§ Data below:
+++
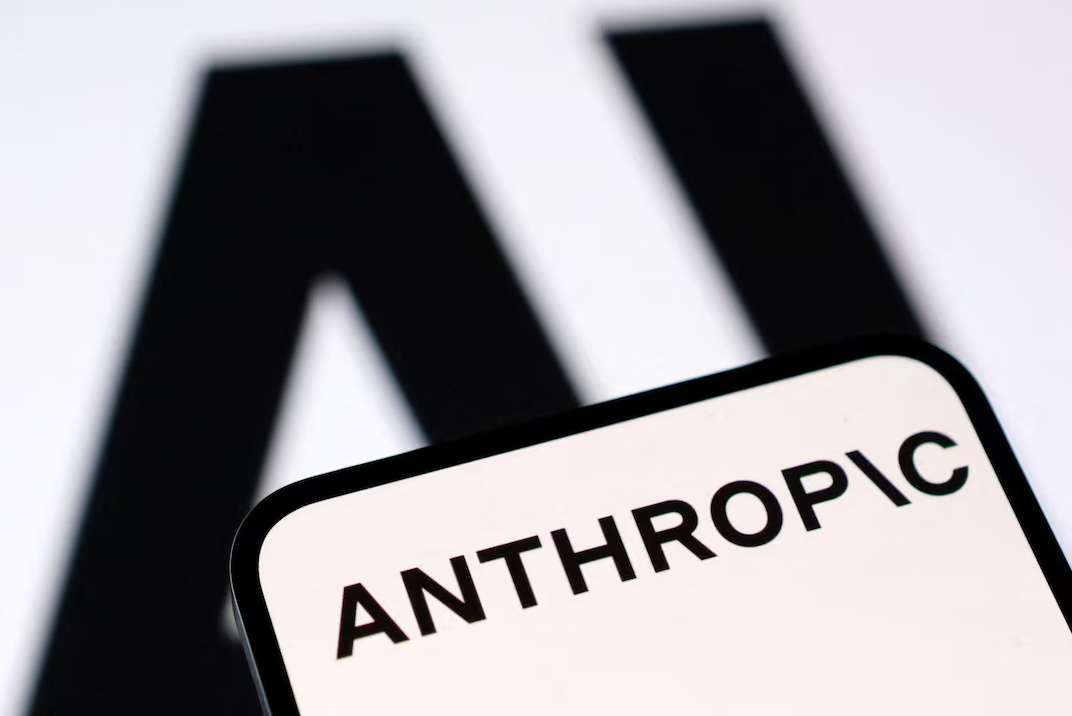 Anthropic и Amazon договорились о взаимных инвестициях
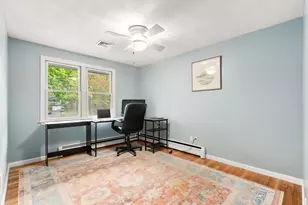 55 Saxony Dr, Sudbury, MA 01776 - Photo 18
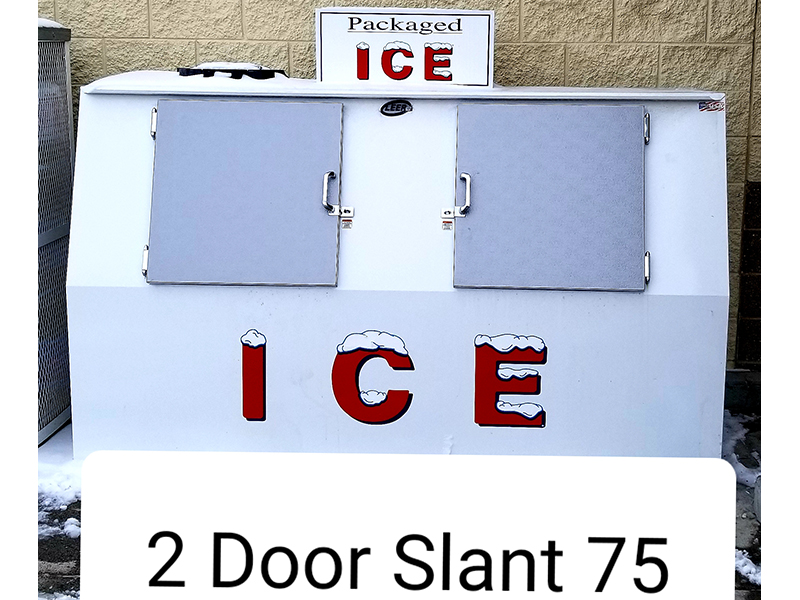 2-door-slant-75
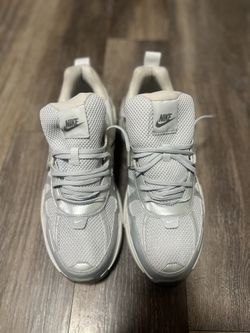 Nike Cushion Running Shoe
+++
§ Required action: The entire listing above, minus its pictures, should be copied out exactly.

§ Response to the task:
 Anthropic и Amazon договорились о взаимных инвестициях
 55 Saxony Dr, Sudbury, MA 01776 - Photo 18
 2-door-slant-75
 Nike Cushion Running Shoe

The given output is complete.